La prolijidad de con la que el túnel fue realizado, similar a la de una obra de ingeniería civil, sorprendió a los investigadores, con un expediente a cargo de los fiscales Carolina Asprella y Patricio Ferrari. En el túnel se encontraron paredes encofradas para evitar derrumbes, un tendido eléctrico y un altillo con colchones y un sistema de ventilación. En un momento, el túnel se bifurca: el camino hacia la bóveda del banco fue marcada con el siglo de pesos en tiza sobre las planchas de madera en la pared.

Mientras tanto, Asprella y Ferrari ya ordenaron el relevo de cámaras así como otras medidas para lograr un dato clave: quién es el dueño del galpón ubicado en la calle Chacabuco al 500 desde donde comenzaron a cavar los boqueteros para horadar un camino tres metros bajo tierra.
Esa pregunta fue respondida esta mañana.
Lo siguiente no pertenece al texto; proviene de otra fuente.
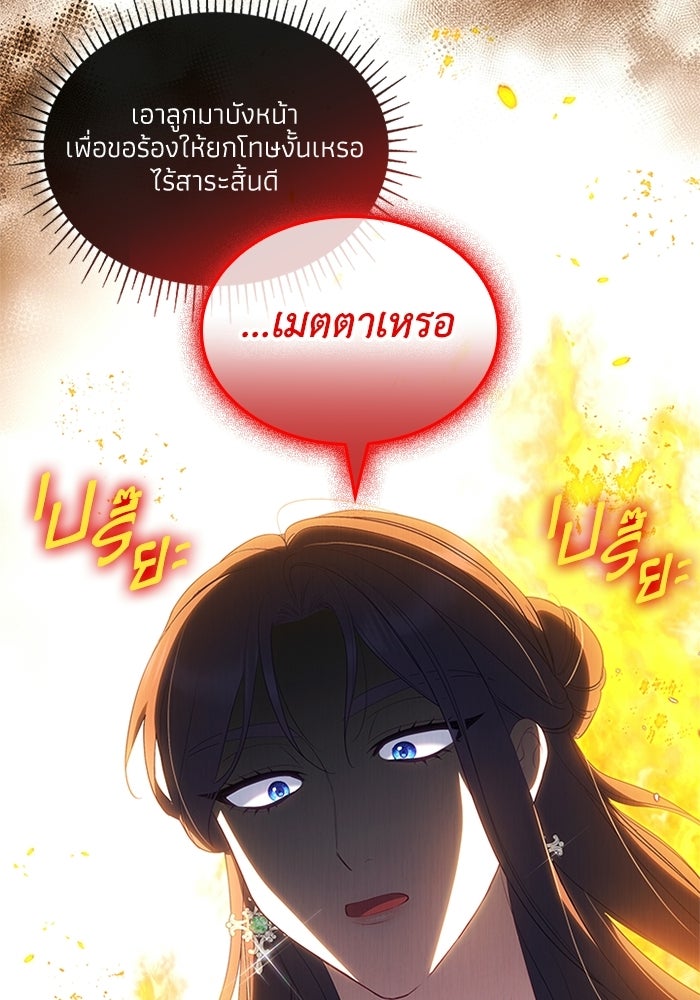 อัศวินอสูรสาวขอหยุดยาวเลี้ยงลูก - หน้า 40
Según confirmaron fuentes del caso, el dueño del galpón, que vive en la zona y también regentea otras propiedades como un supermercado chino, fue identificado e interrogado. En sus primeras conversaciones con la Policía Bonaerense, afirmó que quienes alquilaron el lugar le aseguraron que allí operaría “un negocio de placas antihumedad.
El local, según las mismas fuentes, se alquiló con una garantía. Se halló la identidad de la garante, una mujer.
Hasta hoy, el lugar era un taller mecánico en desuso. Desde su planta baja, se cavó un foso, se colocó una escalera de madera y comenzó la obra. Así, los delincuentes cavaron “entre seis y nueve meses”, asegura una fuente del caso. En el lugar, además de las herramientas, se encontró gran cantidad de tierra removida, suelta y en bolsas de escombros.

La noticia impactó con cierta fuerza en el mundo del hampa. Presos veteranos, con experiencia en robos de alto nivel de planificación, se sorprendieron ante la maniobra, insólita para el estilo actual de la delincuencia argentina. “Hay que poner mucha plata para una jugada así, además de que se invierte mucho tiempo, todo con el riesgo de no ver un peso”, dice un detenido en un penal federal con tres condenas por robos a víctimas VIP.
Peritos que también investigaron el túnel realizado para robar el banco Río -el llamado “robo del siglo” de 2006- trabajaron en las últimas horas en la nueva estructura. Estos peritos le afirmaron a la Justicia: “El nuevo es mucho mejor”, aseguraron.
“Esto no lo hace cualquiera, es de una nivel de organización nunca visto, el hampa actual no se mueve de esta forma, con este nivel de constancia y planeamiento, es mucho más rústica”, coincide otra fuente principal en la causa.
El perfil de los posibles ladrones ingenieros se vuelve más claro: este no es un trabajo de chicos. En los tribunales de San Isidro, se piensa en hampones de larga data, veteranos con conocimientos técnicos. Básicamente, un Banco Río II, solo que esta vez, nadie robó nada, o no lograron hacerlo.